Verso mezzogiorno giungemmo a Intra. Ci condussero proprio nel centro, davanti alla grande villa Caramora. Sul posto era pronto il plotone di esecuzione. Sembrava non volessero perder tempo. Ci fecero allineare sul lungolago del parco Cavallotti, con le spalle rivolte alle armi automatiche. Era incredibile come tutto fosse calmo. Le armi furono puntate, scattarono le sicure Considerai iniziata l’esecuzione. Ma improvvisamente un tedesco urlò dalla villa Caramora e ne discese le scale. Scambiò alcune parole con l’ufficiale che comandava il plotone. Le armi furono abbassate e rinacque in noi la speranza […]».
Al gruppo giunto da Malesco si uniscono alcuni prigionieri prelevati dalle cantine di villa Caramora, come testimonia ancora il giudice Emilio Liguori:
« Lo spettacolo che stava per essere ammannito fu subito intuito dalla donna [Cleonice Tomassetti ndr]. Costei si levò in piedi e con fare spontaneo, senza forzare il tono della voce, direi quasi con amorevolezza, rivolta ai compagni di sciagura pronunciò queste testuali parole: "Su, coraggio ragazzi, è giunto il plotone di esecuzione.
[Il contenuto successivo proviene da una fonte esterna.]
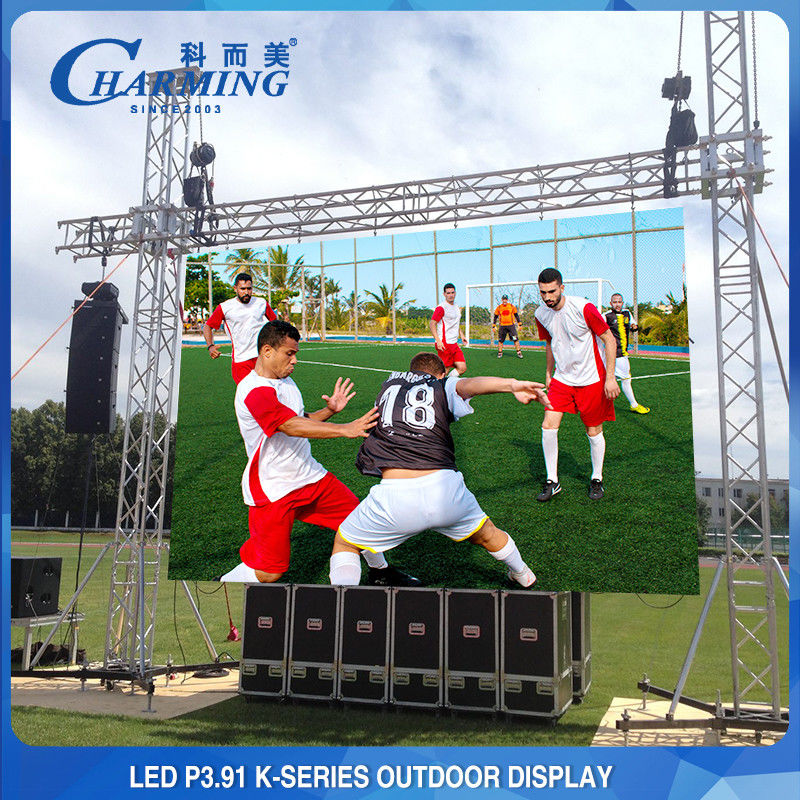 Sistem Novastar LED P3.91 Outdoor LED Screen LED Video Wall Display Sewa layar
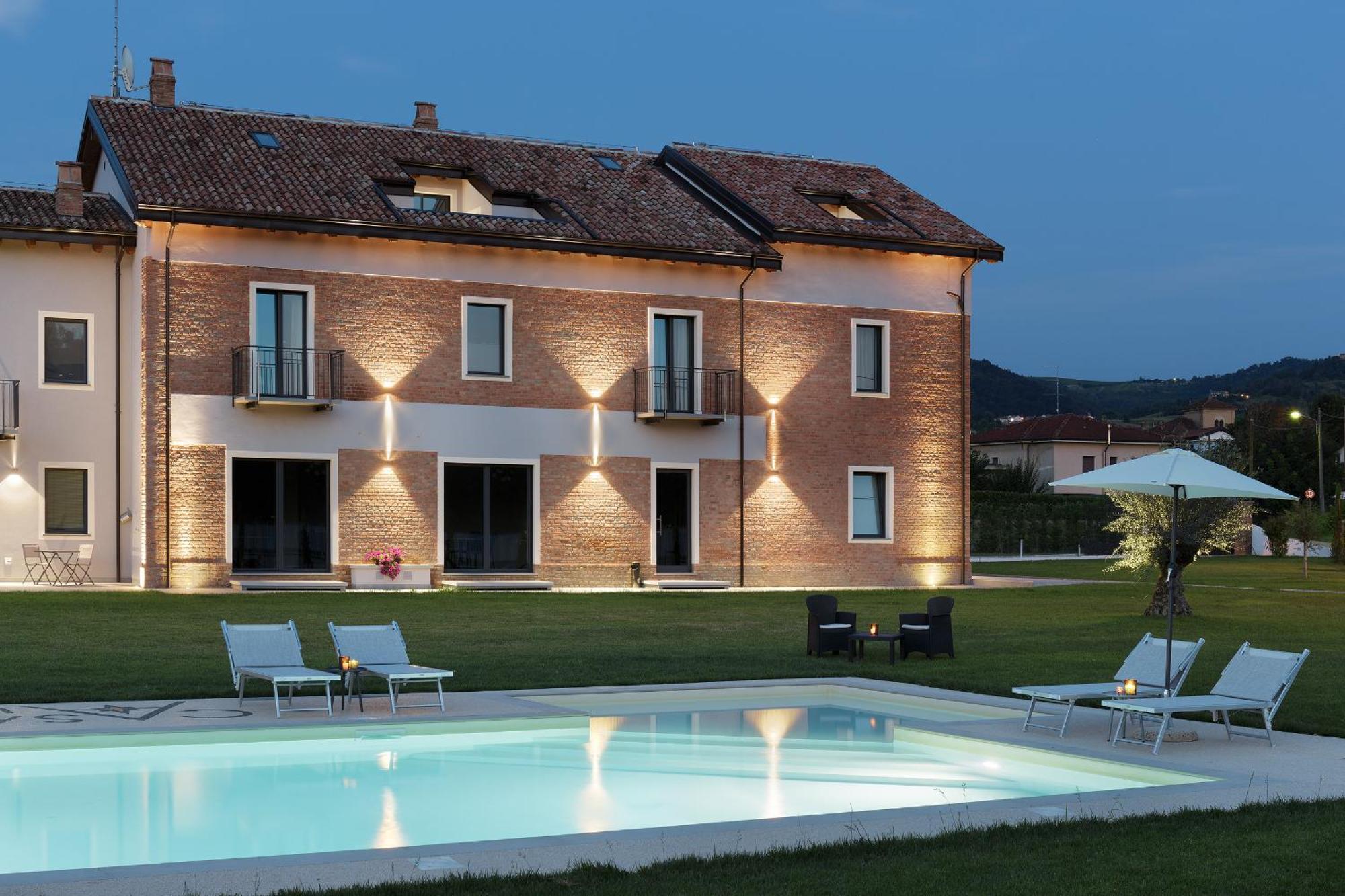 Casale Auriga - Oltrepo' Pavese Bed & Breakfast Codevilla Bagian luar foto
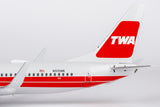 NG Models American Airlines "TWA Heritage" (Retro Special Livery) Boeing 737-800/w N915NN 1/200 Scale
Niente paura. Ricordatevi che è meglio vivere da italiani che vivere da spie, da servitori dei tedeschi". Aveva appena finito di parlare che, infuriato, le fu addosso un soldato germanico che doveva capire un poco l'italiano o che del senso delle parole pronunciate era stato messo al corrente da un militare italiano. (Quale schifo il contegno servile verso i padroni tedeschi dei militi fascisti! Non di tutti per fortuna, perché ne vidi più d'uno fremere di rabbia osservando ciò che di orribile si compiva intorno a lui). La donna fu colpita atrocemente da più di uno schiaffo e da uno sputo sul viso. Non si scompose; incassò impassibilmente, e poi, fiera e con aria ispirata, quasi trasumanata, disse parole, che, per mio conto, la rende degna di essere paragonata a una donna spartana, o meglio ancora ad una eroina del nostro risorgimento: "Se percuotendomi volete mortificare il mio corpo, è superfluo il farlo: esso è già annientato. Se invece volete uccidere il mio spirito, vi dico che è opera vana: quello non lo domerete mai!". Poi, rivolta ai compagni: "Ragazzi, viva l'Italia, viva la libertà per tutti", gridò con voce squillante.»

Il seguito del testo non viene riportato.